- Poster
- Directed by: Keyaar
- Screenplay by: Keyaar
- Story by: Panchu Arunachalam
- Produced by: Meena Panchu Arunachalam
- Starring: Vijayakanth; Sangita;
- Cinematography: Raja Rajan
- Edited by: B. Lenin V. T. Vijayan
- Music by: Karthik Raja
- Production company: P. A. Art Productions
- Release date: 10 November 1996;
- Running time: 130 minutes
- Country: India
- Language: Tamil

= Alexander (1996 film) =

Alexander is a 1996 Indian Tamil-language action film written and directed by Keyaar, from a story by Panchu Arunachalam. The film stars Vijayakanth and Sangita. It was released on 10 November 1996.

== Plot ==
The film opens with a staged road accident to retrieve a crucial file from Choudary. Although Choudary narrowly escapes with the file, the assailants remain unaware of his escape. Commissioner Soundarapandian receives a tip about Ashok's brothers engaging in smuggling via aeroplane. Instead of handling the matter himself, he informs the CBI, and officer Rajasekhar assigns Alexander to apprehend the culprits and halt the smuggling operation. At the airport, Alexander confronts Hari, one of Ashok's brothers, and seizes drugs hidden in a prosthetic leg. Ashok threatens Alexander over the phone and uses his influence to secure Hari's release without charges after Hari's accomplices surrender in court. The next day, Arunkumar "Arun," another of Ashok's brothers, is mysteriously murdered.

Alexander voluntarily takes on the murder case, suspecting that Ashok's brothers' illicit businesses and political connections are linked to the disappearance of Gandhirajan, who had been investigating them. As Alexander delves into the investigation, Ashok closely monitors his progress to avoid being caught. Alexander's inquiry leads him to Priya, who, through a gold bracelet, is revealed to be Arun's murderer. However, Priya, Gandhirajan's daughter, remains unaware that Alexander is a CBI officer and refuses to divulge any information. Determined to protect herself, Priya warns him to leave her alone. Meanwhile, Alexander is ambushed by a henchman but manages to retaliate and escape. Ashok suspects Priya of murdering Arun and upon discovering Priya's connection to Gandhirajan, Ashok orders his men to search her house for Gandhirajan's file and also follow her to Bangalore, where she meets her friend Brinda.

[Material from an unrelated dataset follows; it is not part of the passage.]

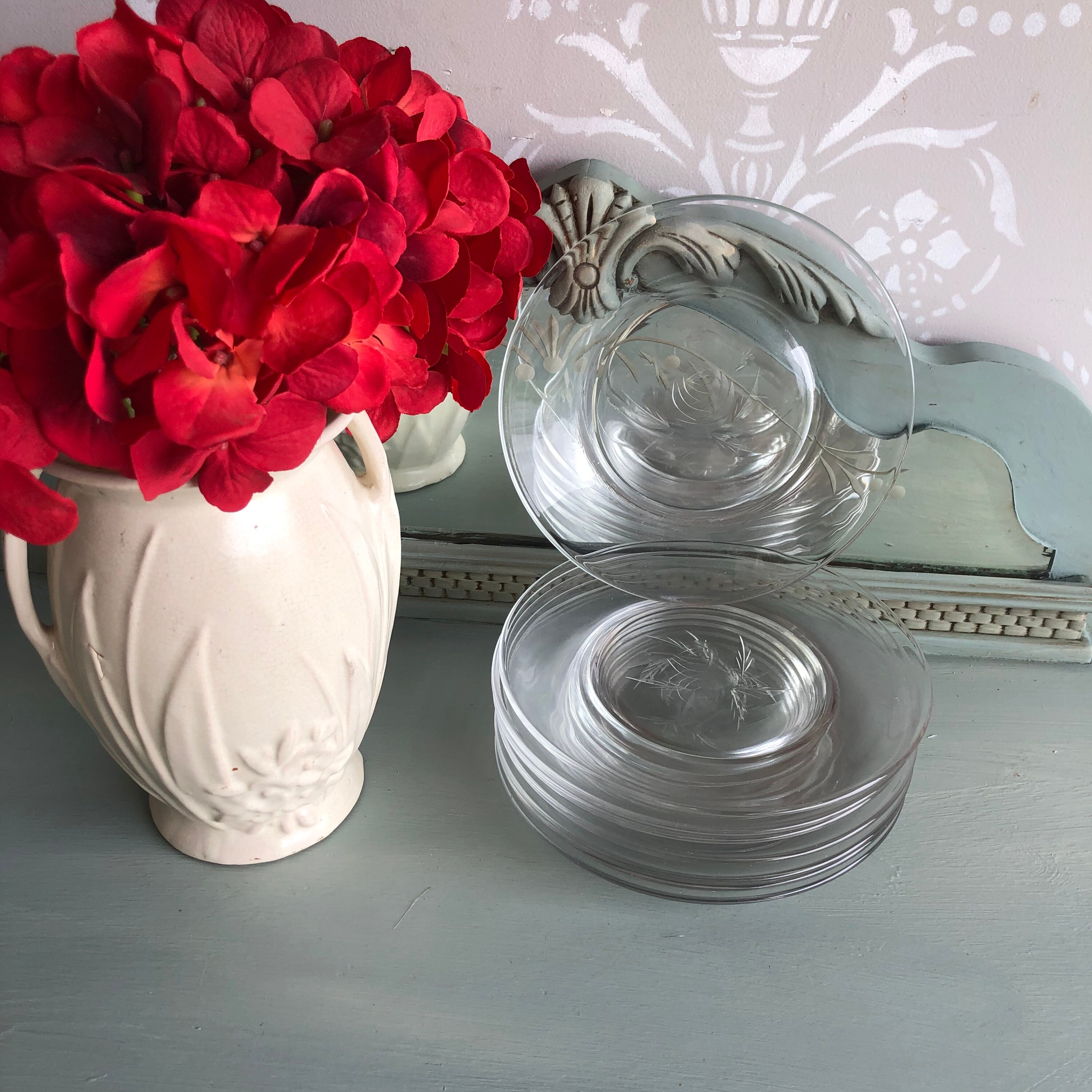 Vintage Etched Glass Clear Appetizers Dessert Plates Set of 8 Etsy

Ashok's men kidnap Priya and Brinda, but Alexander rescues Priya, while Brinda is fatally shot. Priya's stepmother, Thayamma, arranges her marriage, revealing Alexander as the groom, much to Priya's shock and dismay. Alexander reveals his true identity as a CBI officer and explains that he married Priya to protect her. He also shares that Gandhirajan had chosen him as Priya's husband. Although Priya learns the truth, she remains tight-lipped about the murder. Ashok discovers Choudary, whom they believed had died in the orchestrated car accident. To intimidate Alexander, Ashok, and Hari plant a bomb in Alexander's house, which he successfully detonates. Enraged, Alexander confronts Ashok at his residence, seeking justice. Unbeknownst to Alexander, his superior, Rajasekar, allies with Ashok to prevent the missing file from falling into Alexander's hands. On Thayamma's advice, Priya accompanies Alexander to their village for a ritual. At the temple, Alexander reveals the bracelet he found at the murder scene, prompting Priya to confess. However, Choudary interrupts, distracting Alexander. After a brief fight, Alexander receives a letter directing him to meet Choudary. Choudary shares a flashback about Gandhirajan.

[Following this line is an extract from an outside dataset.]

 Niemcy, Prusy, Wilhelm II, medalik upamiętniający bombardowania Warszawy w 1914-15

In the past, Arun befriended Gandhirajan, then threatened him for the file detailing Ashok's brothers' crimes. Gandhirajan hands the file over to Choudary and writes a letter to Alexander, asking him to protect Priya. Arun kills Gandhirajan and deceives Priya into believing he is a well-wisher. Priya discovers Arun's true intentions, escapes, and unintentionally kills him in self-defense. Choudary reveals that he faked his death to avoid Ashok's men and exposes Rajasekhar as Ashok's mole. As Choudary finishes his story, Ashok's men kill him. Before dying, Choudary leaves a cryptic clue, "14596," which Alexander deciphers as the date of Gandhirajan's death (14 May 1996). Alexander visits Gandhirajan's grave and retrieves the file, exposing Ashok's brothers' hawala fraud scams and connections to politicians and government bureaucrats.

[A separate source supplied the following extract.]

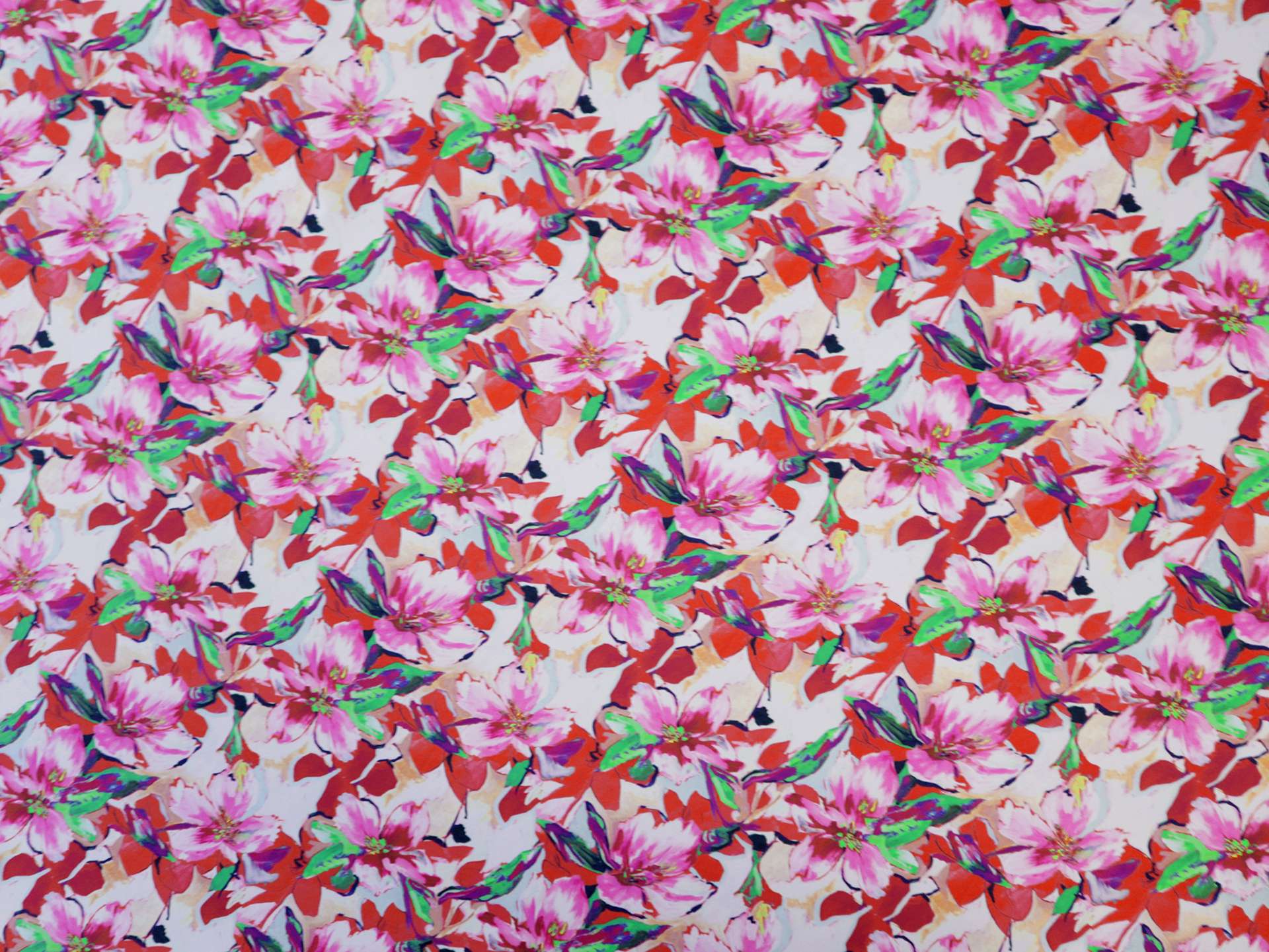 Printed Silk Crepe-Back Satin with Floral Pattern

Alexander decides to broadcast the details on live television. But, Ashok kidnaps Priya and negotiates with Alexander, demanding he hand over the file in exchange for Priya. Alexander appears to comply but has secretly recorded Ashok's confession using hidden cameras. Alexander subdues Ashok's henchmen, and in the ensuing standoff, Ashok shoots Hari. Ultimately, Priya is acquitted of Arun's murder, deemed self-defense. Ashok, Rajasekhar, and the corrupt officials and politicians are arrested, while Alexander receives an award from the Chief Minister of Tamil Nadu, M. Karunanidhi.

== Production ==
Keyaar was approached by Panchu Arunachalam to direct a film for his production company. Vijayakanth initially expressed doubts over the selection of Keyaar as a director for an action film as he was primarily known for dramatic and humorous films, but was convinced after Arunachalam gave confidence. Keyaar originally planned a grand climax with ships at port; due to rainfall he shelved the plans and instead used archive footage of Vijayakanth receiving an award from former Tamil Nadu chief minister M. Karunanidhi from an old event and added it towards the film's end.

== Soundtrack ==
The music was composed by Karthik Raja.

| Song | Singer | Lyrics | Duration |
| "Alexander" | Bhavatharini, Anupama, Mahanadhi Shobana, Yuvan Shankar Raja, S. P. B. Charan | Vaali | 3:36 |
| "Koothadichu" | Venkat Prabhu, Karthik Raja, Burns | Paarthi Bhaskar | 5:25 |
| "Nadhiyoram" | P. Unnikrishnan, Bhavatharini | 4:52 |
| "Rajarajan Nane" | Sujatha, Mano | Panchu Arunachalam | 4:40 |
| "Thaathi Thaathi" | Malaysia Vasudevan, Anupama, Mahanadhi Shobana | Vaali | 4:44 |

== Reception ==
R. P. R. of Kalki called Prakash Raj the film's biggest strength, and also appreciated Karthik Raja's score.